Di satu sisi kita sering berupaya keras, agar maksud kita bisa diterima oleh pihak Australia, padahal Australia tahu persis bagaimana sejarah, kelakuan dan budaya “masyarakat nelayan” kita dalam menangkap ikan dan memperlakukan lingkungannya. Dalam kacamata mereka, yang menggerakkan nelayan kita itu sama sekali jauh dari semangat para leluhur kita dahulu, yang hanya sekedar mencari makan dan hidup yang layak. Tetapi nelayan yang mereka temui sekarang adalah nelayan yang digerakkan oleh suatu sindikasi, yang sudah tidak asing lagi, yakni sindikasiillegal fishing yang memakai topeng nelayan tradisional.
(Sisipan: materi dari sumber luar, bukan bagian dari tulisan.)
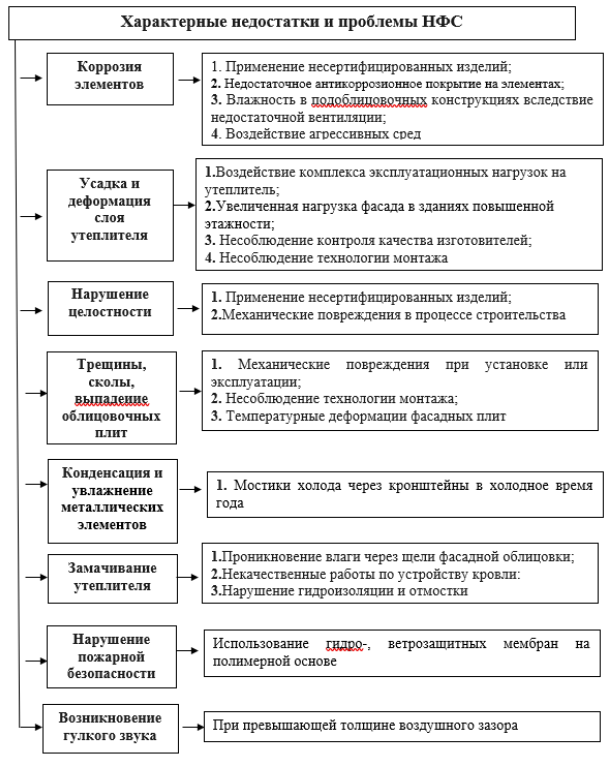 Характерные недостатки и проблемы, возникающие при строительстве и эксплуатации НФС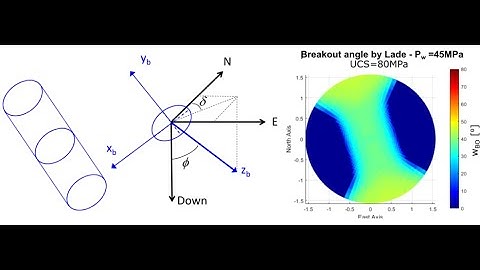 WP7 Shear and tensile failure in deviated wellbores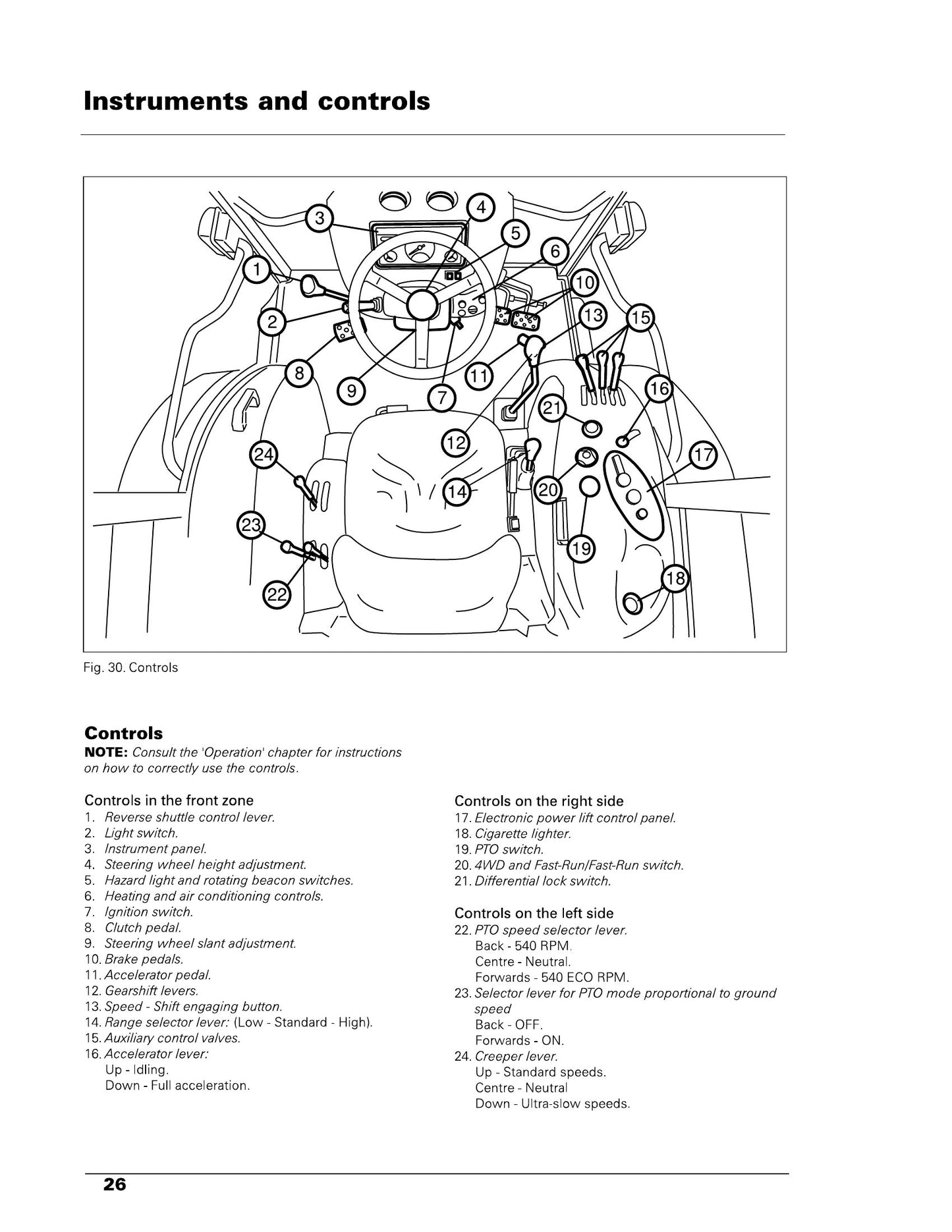 MASSEY FERGUSON MF2210 MF2225 MF2235 Tractor Operation and Factory Workshop Maintenance Manual 3662 240 M1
Intisari tulisan ini sesungguhnya, ingin menyampaikan kepada para masyarakat kita, mari kita jaga dan pelihara wilayah dan kedaulatan Negara kita dengan benar, tegakkan peraturan yang ada. Dengan keyakinan kalau kita memeliharanya dan mengelolanya dengan benar, maka niscaya kita bisa hidup dengan makmur dan sejahtera, tanpa perlu mengambil milik Negara lain. Hal-hal seperti inilah yang saat ini langka kita dengarkan. Kita harus berani menilai kelakuan kita, yang semakin lama semakin jauh dari hal-hal sederhana tetapi mendasar. Semangat dan tenaga bangsa kita habis mikirin para koruptor, manipulator, dan semua yang berbau salah urus. Kapan kita bisa membangun negeri ini dengan layak dan dengan ketulusan yangsejati.